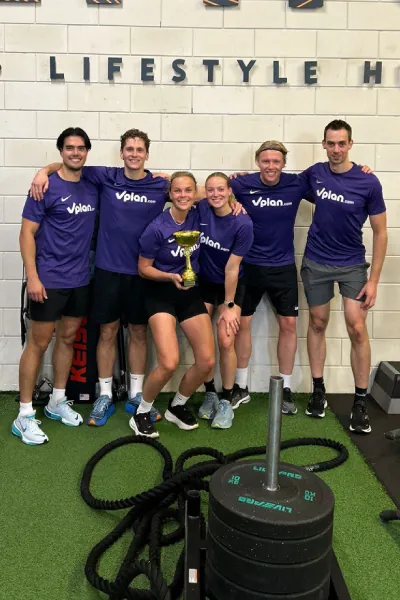 Five people in matching Vplan.com shirts posing with a trophy in a gym setting near weights and ropes.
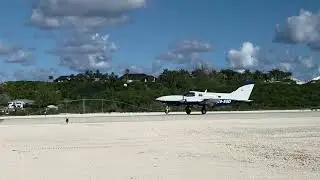 111925 C6-SGD Cessna 402C landing on R34 Staniel Cay, Bahamas, MYES
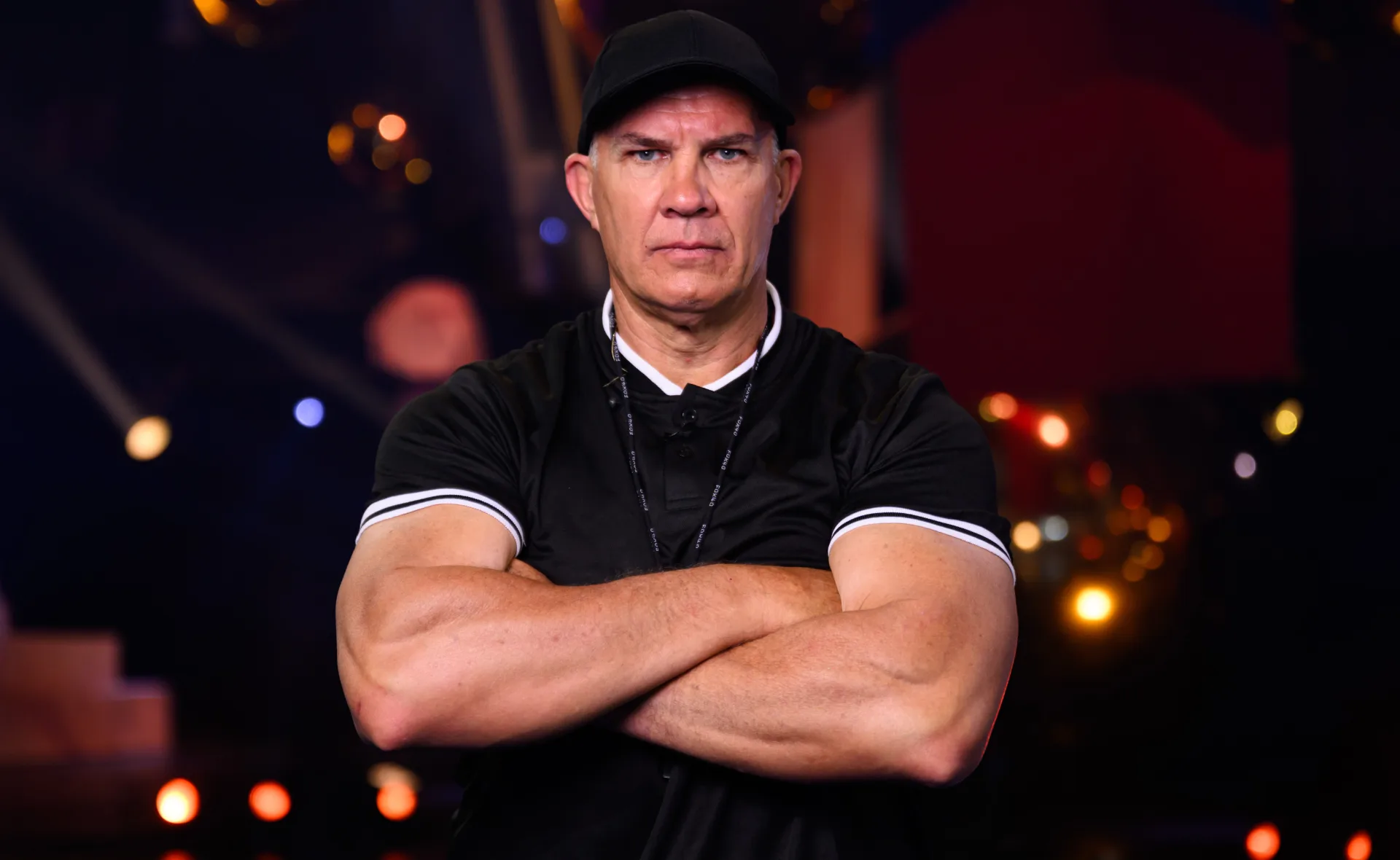 Man in black shirt and cap standing with arms crossed against a blurred background with warm lighting.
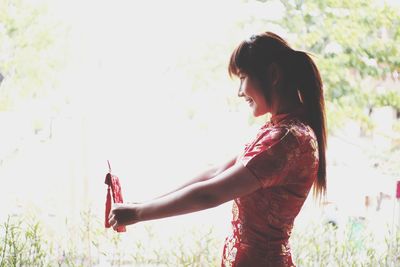 Side view of young woman standing against plants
====
EXERCISE:
Exactly as they appear, transcribe the lines from the top of the material above through the line with "Man in black". Omit any picture.

OUTPUT:
 Five people in matching Vplan.com shirts posing with a trophy in a gym setting near weights and ropes.
 111925 C6-SGD Cessna 402C landing on R34 Staniel Cay, Bahamas, MYES
 Man in black shirt and cap standing with arms crossed against a blurred background with warm lighting.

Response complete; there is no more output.